During this time I have had the pleasure of setting up a Facebook Page, an online and a variety of face to face support groups for the association and our members, these groups continue to grow month on month, the online one supporting over 150 local and international ostomates. I have also with the help of the committee opened the association on a Saturday once a month, which has enabled new volunteers to give back to the association and a different dynamic within the volunteering pool. As part of Saturday trade, I have organised the monthly get-together support groups for new and old ostomates, which we invite reps and speakers when called for by members. Starting next March we will also have our stomal therapy nurse in attendance during Saturday trade and for the newly moved new member’s afternoon tea meeting. This will enable working people access to a stomal therapy nurse outside the normal working week and give new members access to the workings of the association and other ostomates. I have also been nominated by ASCA as the youth coordinator at the recent conference, a challenge I look forward too and hope to get more involved in once returning from the USA in March.

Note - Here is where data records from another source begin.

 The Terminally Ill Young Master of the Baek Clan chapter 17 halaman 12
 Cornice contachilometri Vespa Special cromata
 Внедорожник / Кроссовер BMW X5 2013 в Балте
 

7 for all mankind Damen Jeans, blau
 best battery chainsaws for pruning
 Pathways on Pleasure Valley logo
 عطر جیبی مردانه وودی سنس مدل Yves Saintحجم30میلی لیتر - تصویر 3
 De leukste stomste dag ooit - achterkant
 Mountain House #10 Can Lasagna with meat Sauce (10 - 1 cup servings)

As an ostomate, in the beginning, I felt unbelievably alone and believed I was the only young person with a bag. This is why I am so passionate about support groups and removing the stigma associated with having a bag. I don’t want anyone to ever feel as I did at the start, the groups I have created are a start to ensuring there is support out there for all ostomates young and old. Even with support and 10 years on, I’m not saying it’s always easy as it’s not. I still have days where is gets me down, when my skin is bleeding and Squish is not behaving himself, yes he is a male. The only difference is I don’t let it define me, I am capable of doing anything I put my mind to and believe the same of every person who has undergone stomal surgery. As for the future, the best is yet to come, I passed my adoption medical recently, which was no small feat as I was stressed that my health would further impede our opportunity of becoming parents. We are one the local and international lists and we believe we are well on the way to adopting a young person from Thailand. However, even if this doesn’t come to fruition. I know that my life has a direction and a purpose and I will live a happy long life.

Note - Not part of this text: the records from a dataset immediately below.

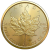 Zlatá mince Maple Leaf 1 OZ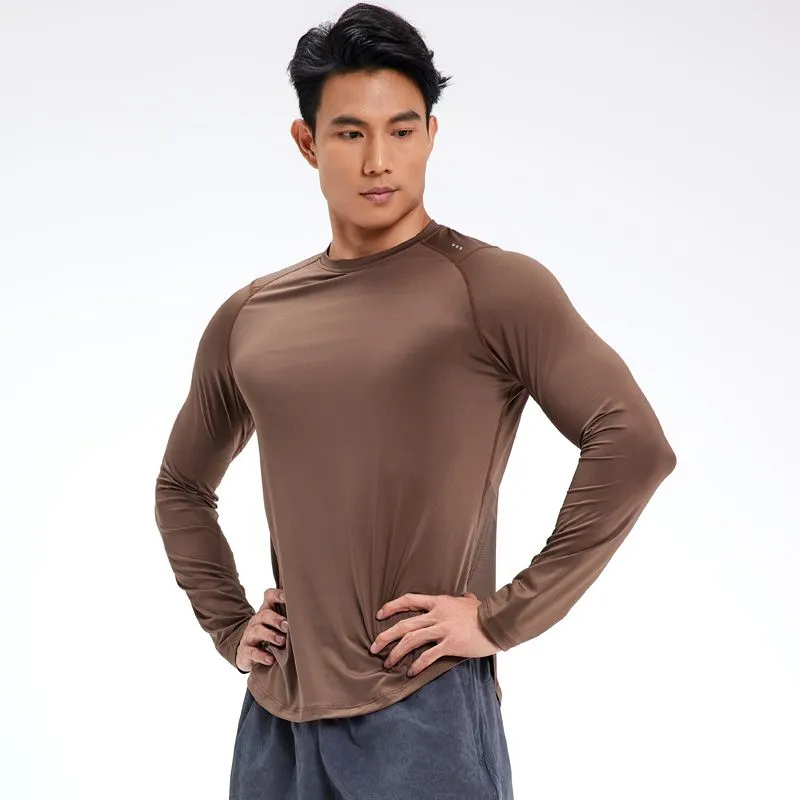 メンズ速乾コンプレッション長袖シャツ アウトドアジムワークア - Compression Shirt Workout のレビューと価格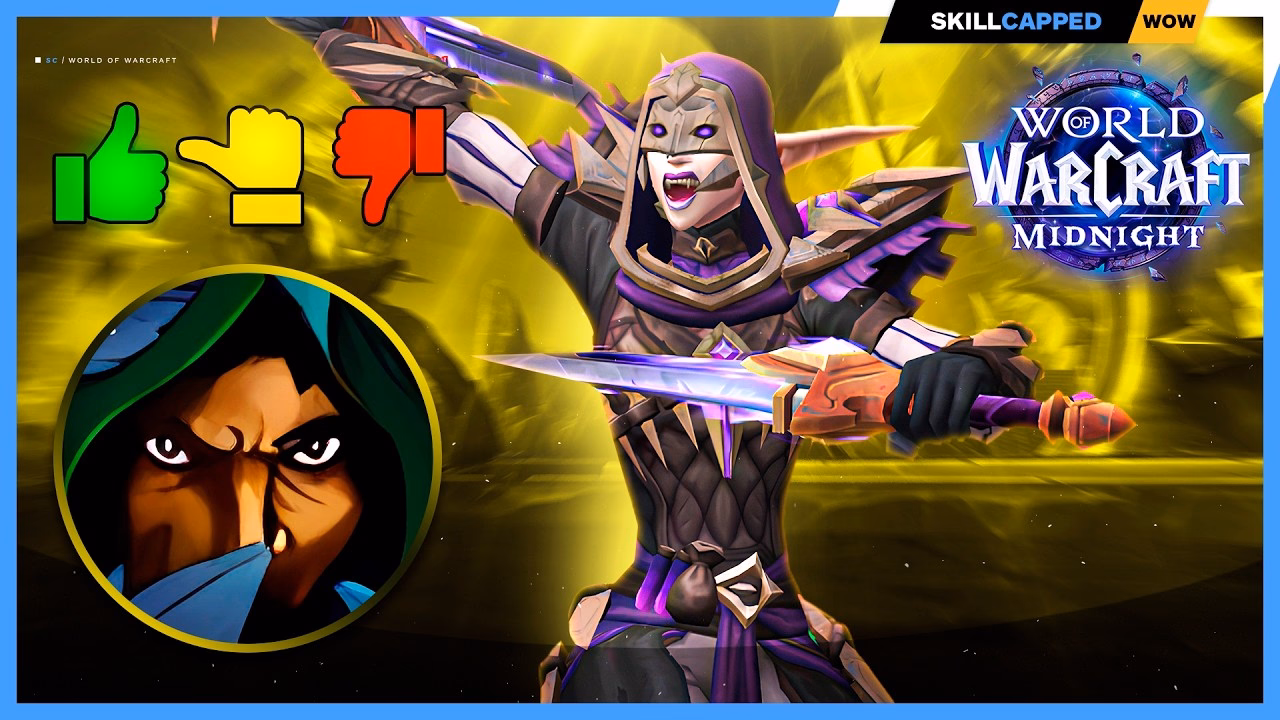 Subtlety Rogues' Strength in Midnight PvP Analysis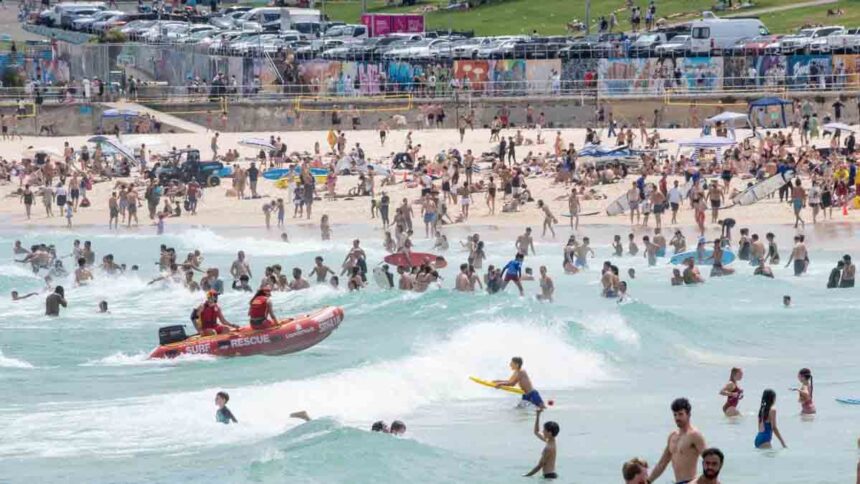 Australia Bondi Beach Firing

"I am capable of doing anything I put my mind to and believe the same of every person who has undergone stomal surgery."
Few tips I have for new Ostomates:
- Take one day at a time
- Give your stoma a name - I believe I named it as a way to disconnect myself from it before I left the hospital. It gave me something to get angry at without getting angry at myself.
- You are not alone
- The more I prepared for this and read other stories online the more I realised I was never alone, even though I really felt that way at the start.

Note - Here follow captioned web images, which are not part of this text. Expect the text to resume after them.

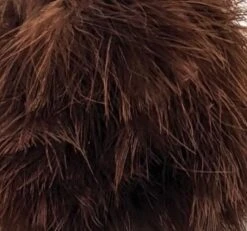 1oz Master Pack: Fish Hunter Premium Strung Marabou -Fishing Equipment Store Marabou Dark Brown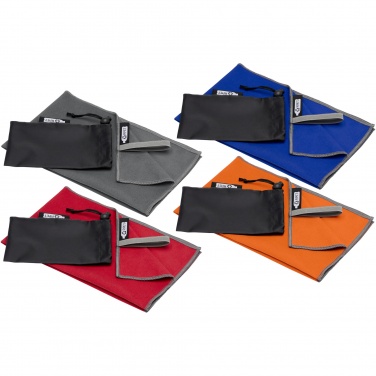 Logotrade Werbegeschenke das Foto: Pieter ultraleichtes und schnell trocknendes GRS Handtuch 30 × 50 cm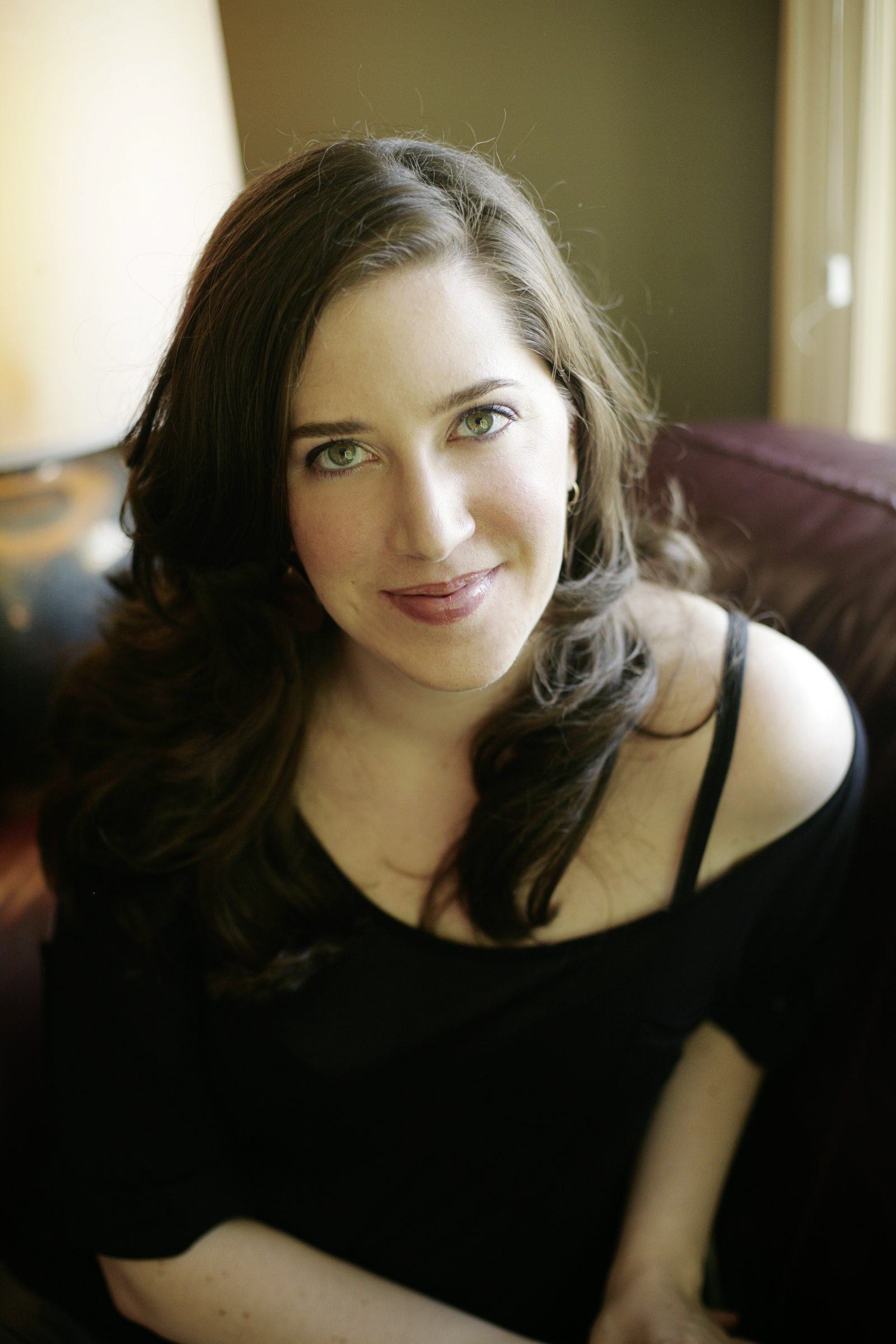 Portrait von Suzanne Morrison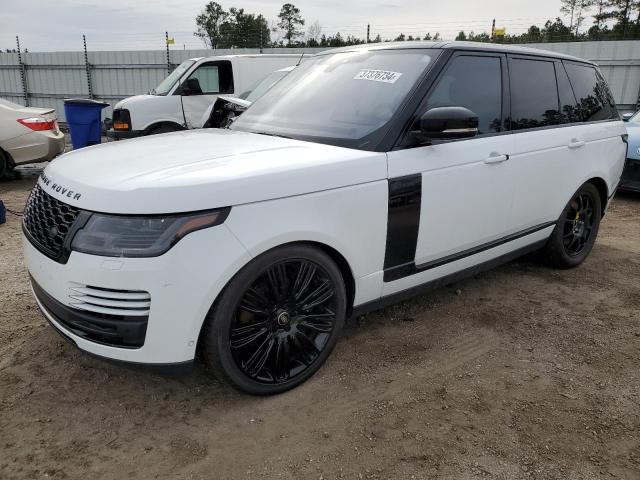 Изображение 1 2018 LAND ROVER RANGE ROVER HSE 2018 с VIN SALGS2SV3JA389556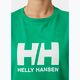 Tricou pentru femei Helly Hansen Logo 2.0 bright green 3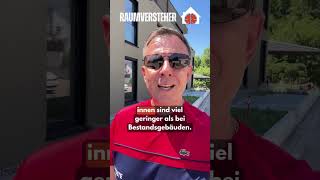 So bleibt es im KFW 40 QNG Haus auch bei Hitze angenehm #nachhaltiges-bauen #wohnqualität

- Ask for help – there are a myriad of people who can help
- Your Association
- Stomal Therapy nurses
- Support groups (at WA ostomy and online)
- Product reps
- Friends & family
- If you eat beetroot or drink red slushies your output will change colour, you are not bleeding internally
- Some medications will come out your bag whole, make sure you talk with your doctor if this happens to find a suitable alternative
- Showering truly naked is amazing, just be prepared and don’t have the water too hot as your stoma will burn
- Fish is the worse smell ever whereas least KFC will come out smelling like KFC – I’m not sure what they put in those herbs and spices but they are potent.
- And lastly it’s better to laugh then cry but it’s ok to do both, sometimes at the same time.